Meanwhile, two Nepalese boy-servants named Khushal and Kirpal had been brought to Satara from Dehra Dun for work. One morning when they failed to get up on time, Aloba treated them roughly. He was overseeing the kitchen work for several months, and the boys were working under his direction. The incident was mentioned to Baba, who ordered him not to treat the boys so harshly.
A short time later, when Baba was on his way to Grafton with Aloba and Bhau, he asked Bhau, “What are you thinking?”
Bhau replied, “I was thinking about the way Aloba treats the boys.”
Baba suddenly scolded him, “You’d better leave for some other ashram! India is full of ashrams, and if you go to live in one of them, you will be able to lead a virtuous life.”
Bhau was greatly taken aback, and Baba explained at length:
With me, no one can live what the world considers a moral life. Here, we are concerned with spirituality, not morals. A spiritual life is not ruled nor bound by any principles. The sanskaras of each one are different, and so the behavior and temperament of everyone are different.
In a virtuous life, evil is suppressed and good surfaces; but the evil is still there. The bad sanskaras remain and have to be worked out, if not in this life then in the next or the one after. In the spiritual life, both good and bad sanskaras express themselves, and both get nullified. A spiritual life leads one toward naturalness, whereas a virtuous life, in the guise of humility, inflates the ego and perpetuates it! A spiritual life, though, is only led under the guidance and orders of the Avatar or Perfect Master, who knows the pulse of everyone and treats everyone according to his particular malady.
You do not like Aloba’s behavior, but his behavior was quite natural and necessary for him. How can you understand that? People of the world act according to moral standards and socially acceptable behavior, but the Avatar or Perfect Master deals with everyone according to his or her sanskaras. Thus spiritual life is totally different and cannot be judged on the basis of morality, ethics or any principle.
Smiling, Baba asked Bhau, “Now, tell me which ashram you intend to go to?”
“None,” Bhau replied.
The fact was that Bhau himself was under the thumb of Aloba’s rough treatment. Baba had ordered him to do as Aloba instructed, and Bhau had to do much of the hard work, such as cleaning the lanterns and bicycles, sweeping, weeding the garden, draining the dirty water – besides attending to correspondence work, escorting Baba back and forth to his bungalow, writing work, et cetera. Aloba would always find some extra work for him and tell him to do it. That, too, with much harshness, demanding it be done immediately. But for Bhau, it was all a great lesson in forbearance, and Baba himself was creating such situations. He would create strife between the mandali members so that none would be partial to another.

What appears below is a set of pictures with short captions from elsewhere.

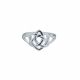 Anillo Liso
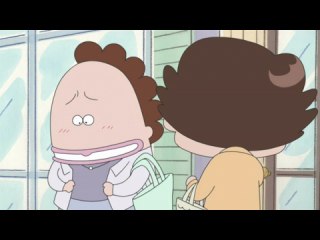 #363 母、足もみ初体験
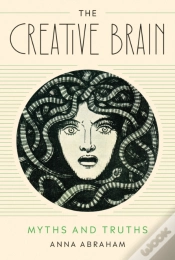 Capa do artigo Creative Brain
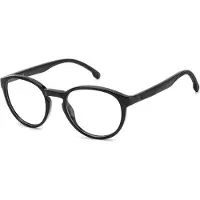 Carrera Lunettes de soleil - - 8879 BLACK (807) - Aviator - Protection catégorie 3 - Mixte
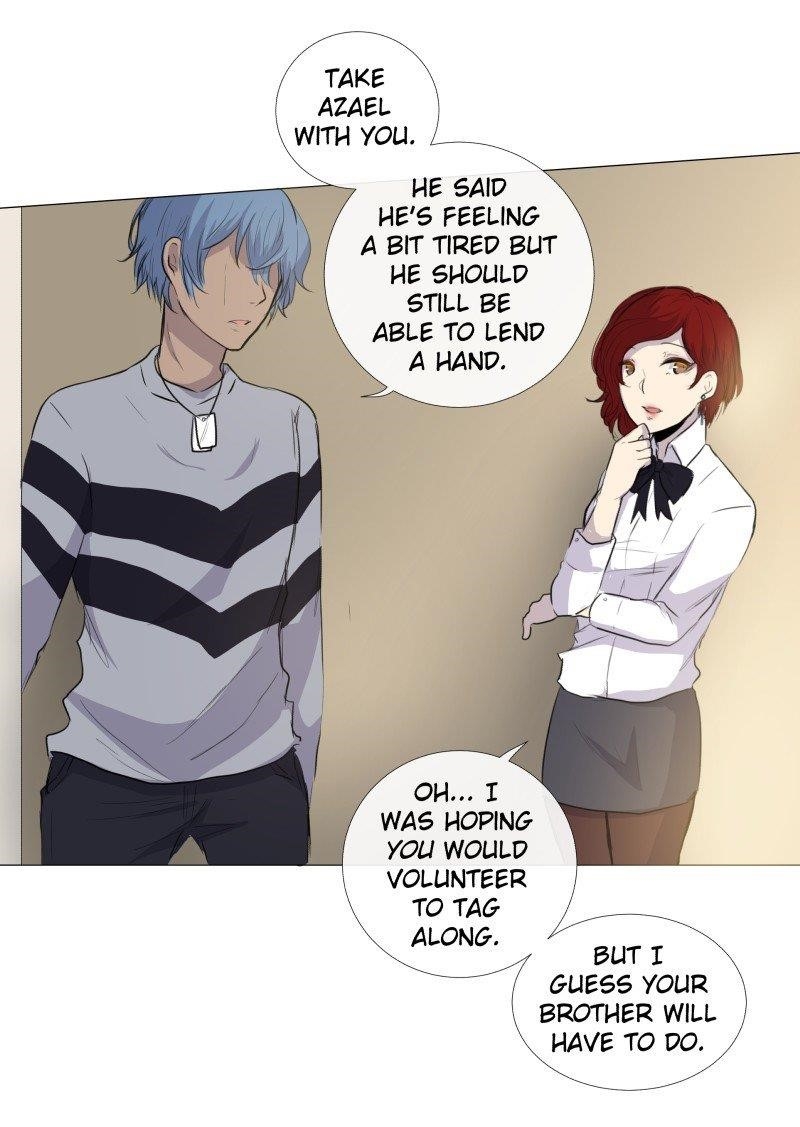 Rebirth-69Michi Chapter 35 - Page 14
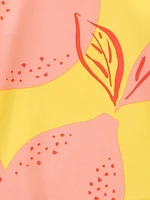 Carter's Child of Mine IG 1pc - Jaune Citron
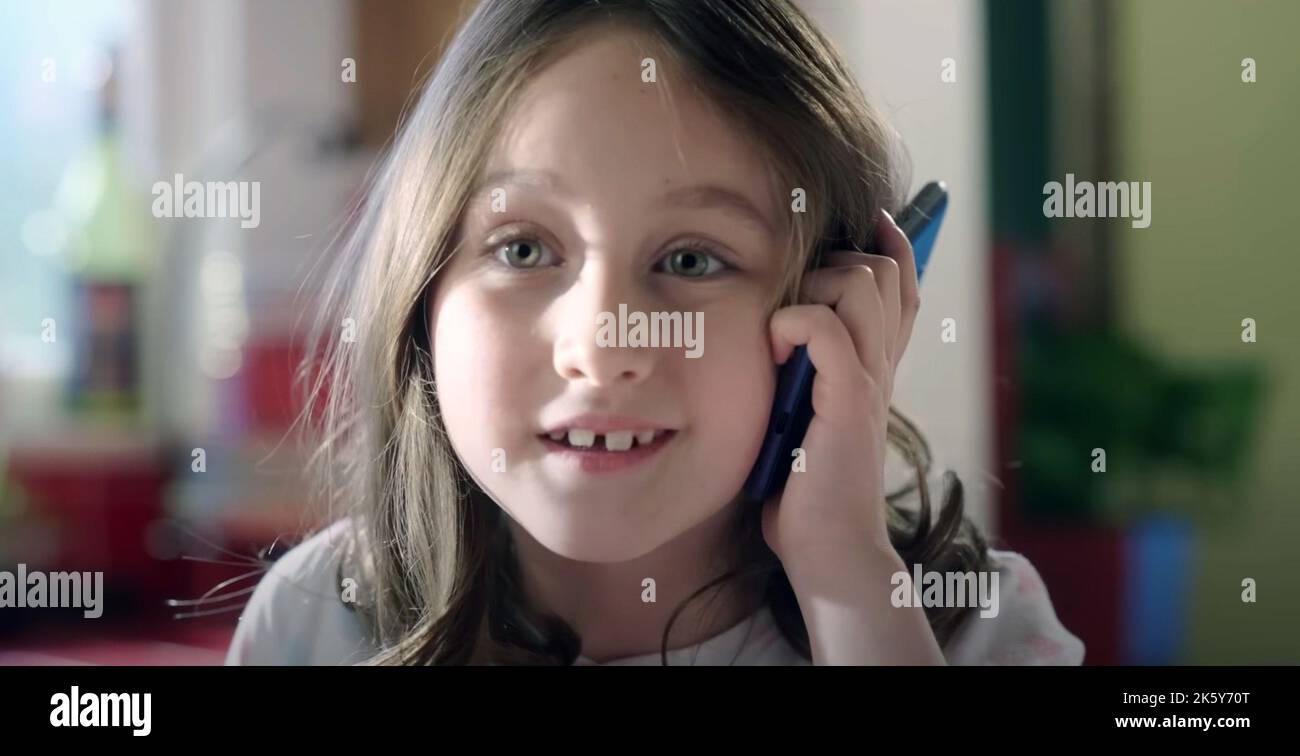 DADDY DAUGHTER TRIP, Miranda Scarlett Schneider, 2022. © Harkins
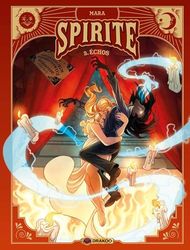 Spirite - vol.03/4: Échos
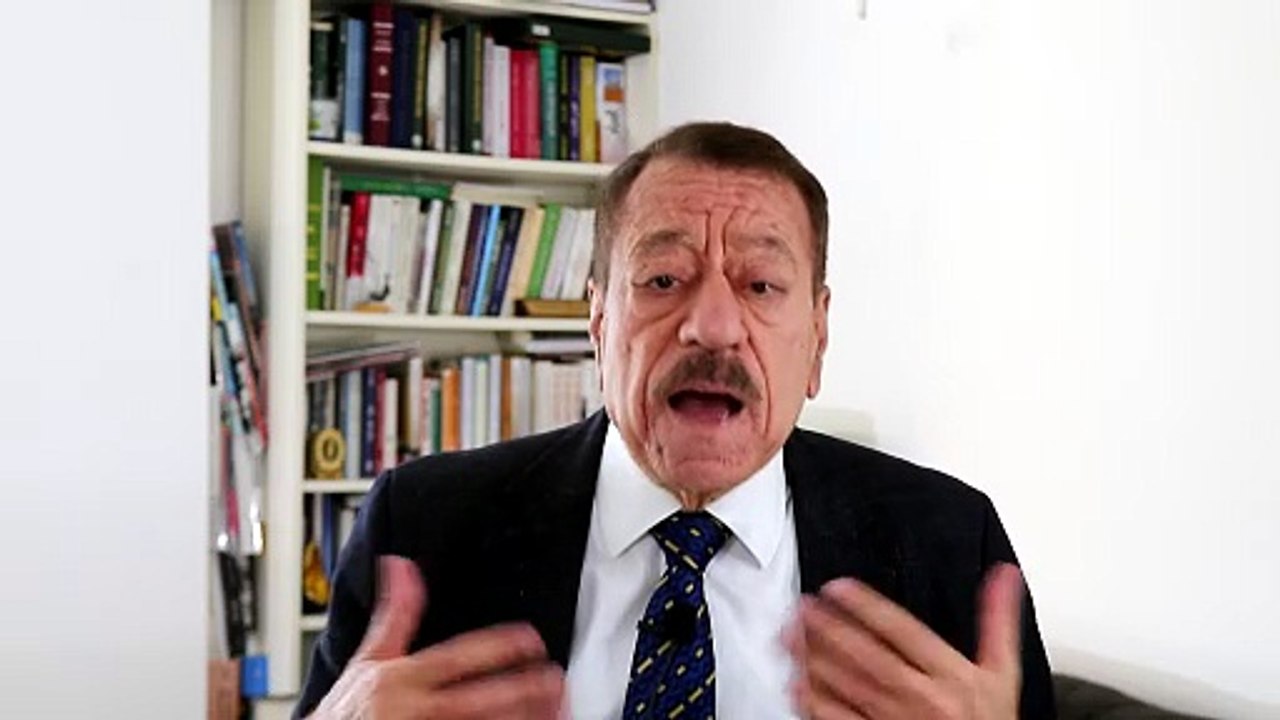 هل هو السكون الذي يسبق العاصفة؟ ومن الذي سيعود للعصر الحجري: ايران ام إسرائيل؟ وماذا عن اسطول البعوض الإيراني الذي يرعب ترامب؟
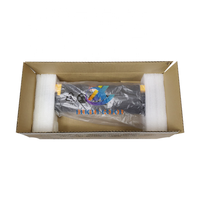 Unit Drum Hitam DK-1110 DK1110 Berkualitas Baik Kompatibel untuk Printer Fotokopi Kyocera FS1040 1025 1120 MFP Unit Gambar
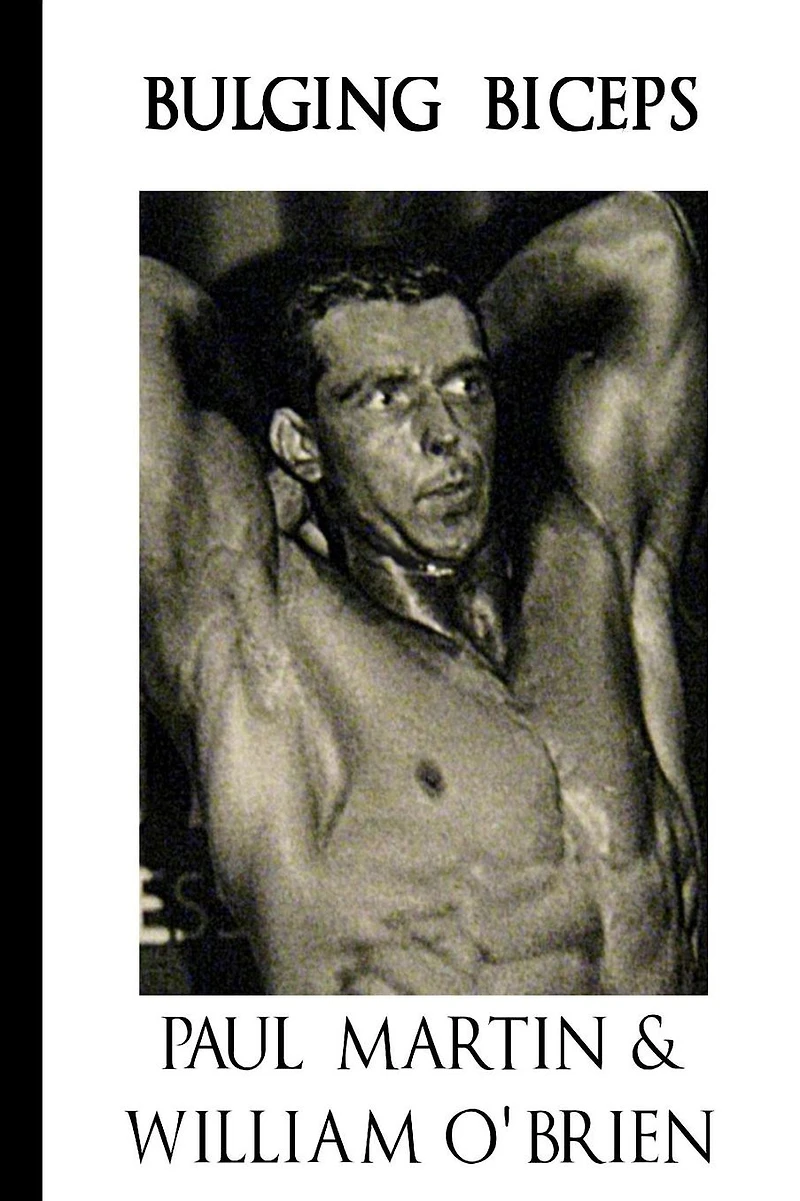 Bulging Biceps: Fired Up Body Series - Vol 6: Fired Up Body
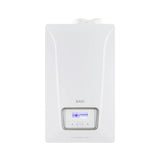 baxi caldaia a condensazione baxi luna century 30 metanogpl low nox con sdoppiato di serie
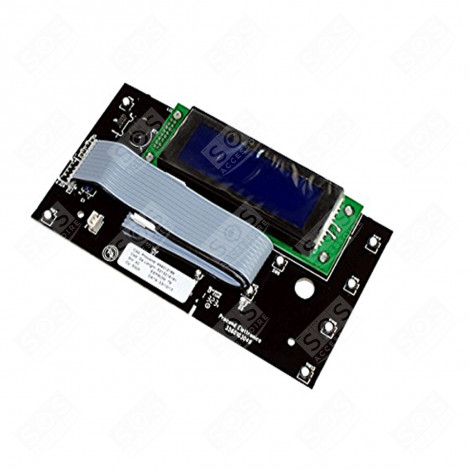 SCHEDA COMANDI MACCHINA DA CAFFÃ, CAFFETTIERA - 5213216191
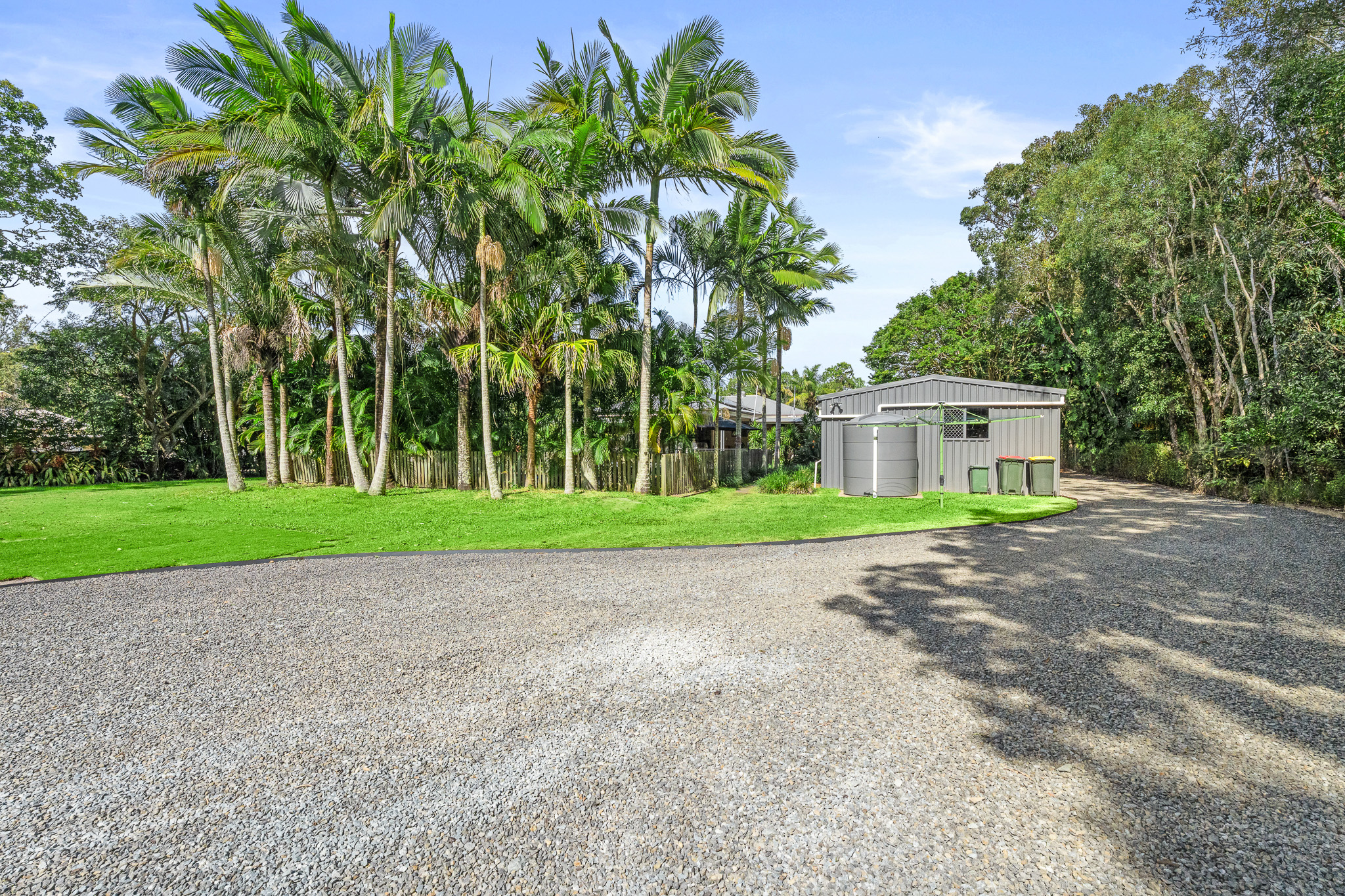16-18 Mungara Court, WONDUNNA, QLD 4655 AUS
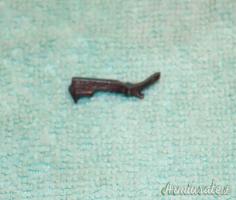 Ricambi Originali Luger  P08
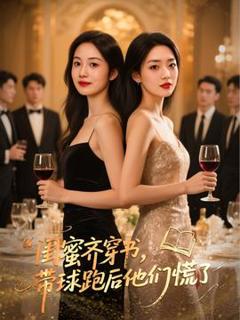 免费在线观看《闺蜜齐穿书，带球跑后他们慌了》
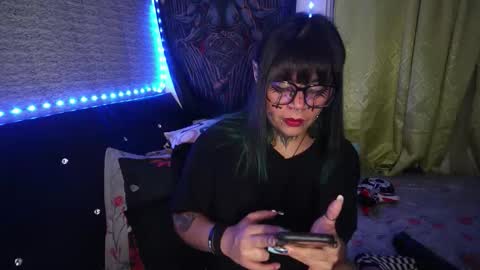 Snapshot of eta_carinae6 chatting on 26, 10, 2025 eta_carinae6 online show from 26, 10, 2025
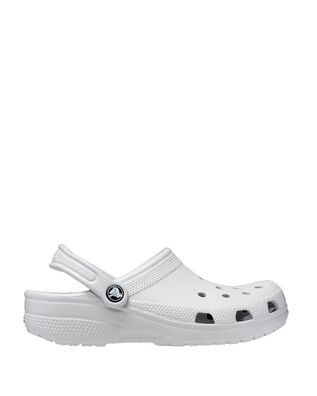Crocs - Unisex Flats Clogs Classic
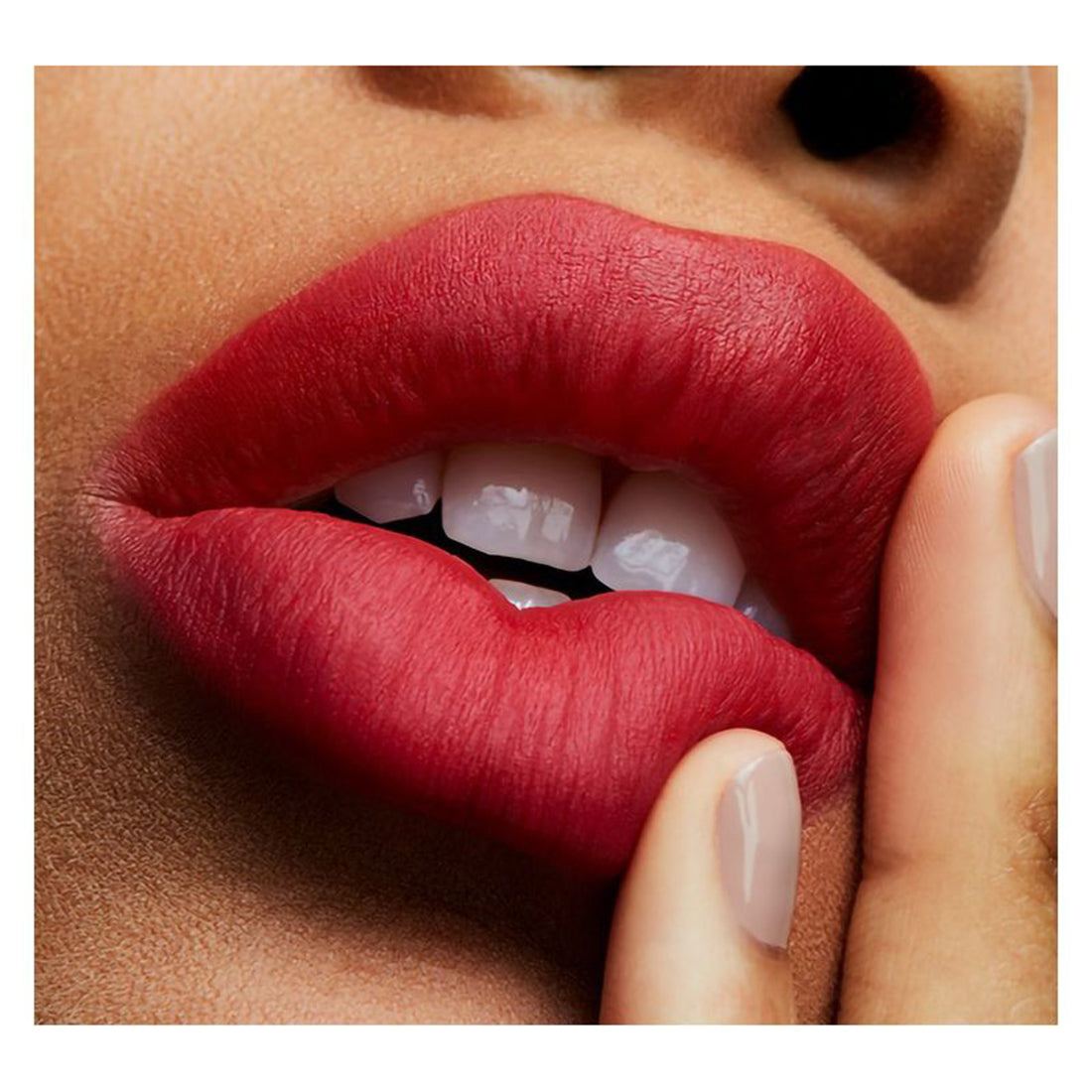 Powder Kiss Lipstick Rossetto Matte Lasting Passion_MACS4K030_MAC-3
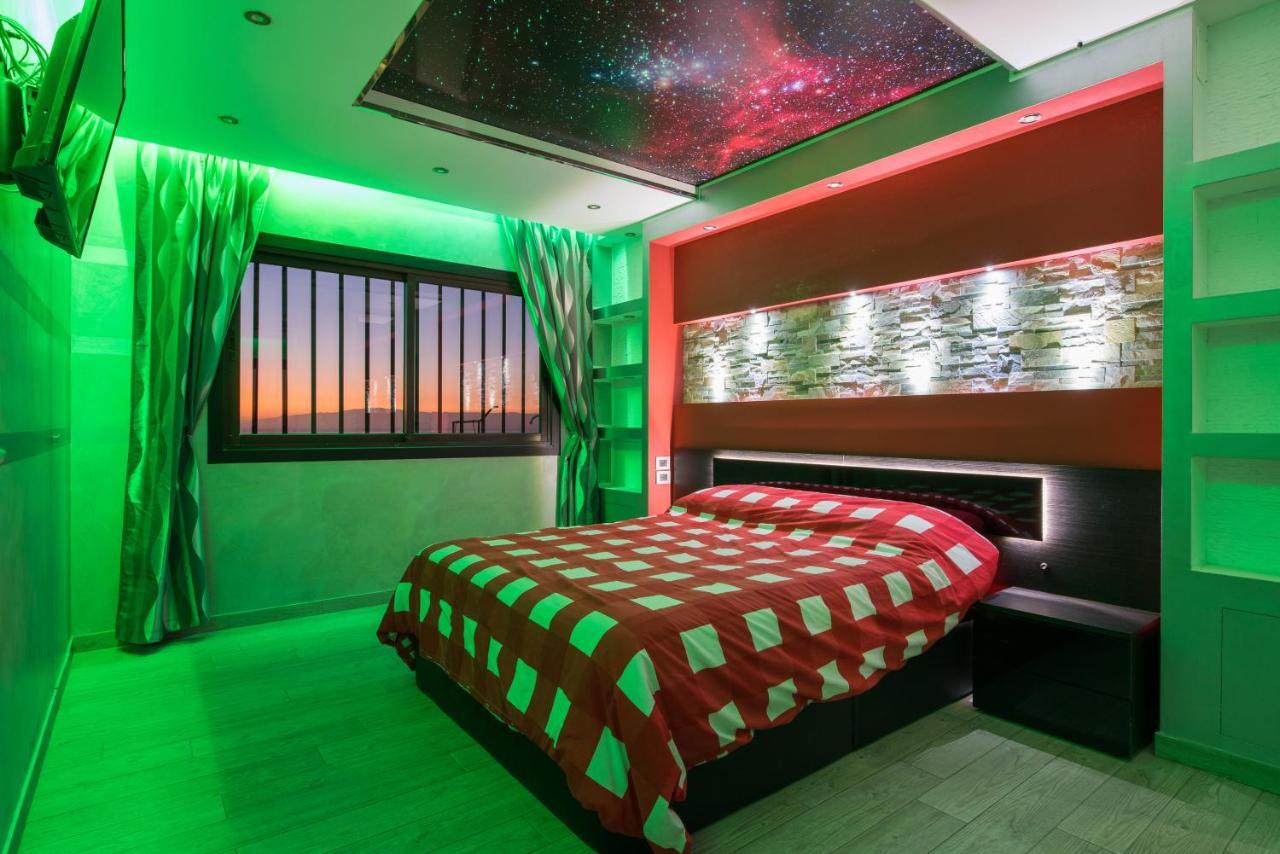 109 Penthouse , Incredible View, Marco Aparthotel Costa Adeje  Buitenkant foto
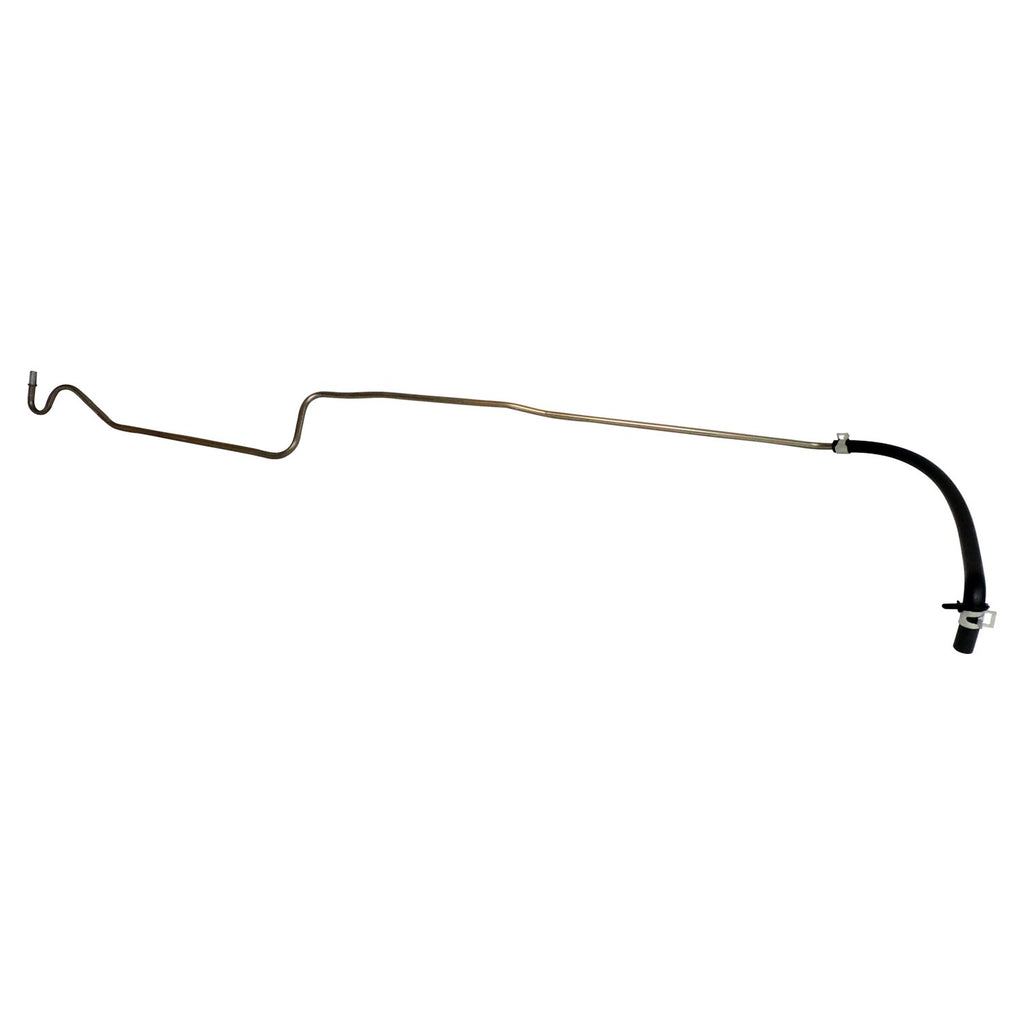 Crown Automotive Jeep Replacement 52118606AB Transmission Cooler Return Hose for 1997-2000 Jeep TJ Wrangler w/ 32RH Trans.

Life with Meher Baba was like walking on the edge of a sword – walking on it even though crippled in one leg! Such a life cannot be imagined. Daily, one had to bear lightning-like blows; yet, strangely enough, one would be in such a condition that, although paining from the wounds, one would not like to be left without them and would be unharmed. On the one hand, the mind would hurt under the attack, but on the other, the heart would desire more punishment. Thus, because of the continuous shower of “blows to the ego,” the mind was becoming powerless and the heart strong. Such was the spiritual life with Meher Baba.
Lord Meher, Original Publication, Bhau Kalchuri, Vol. 13, pp. 4590 – 4592.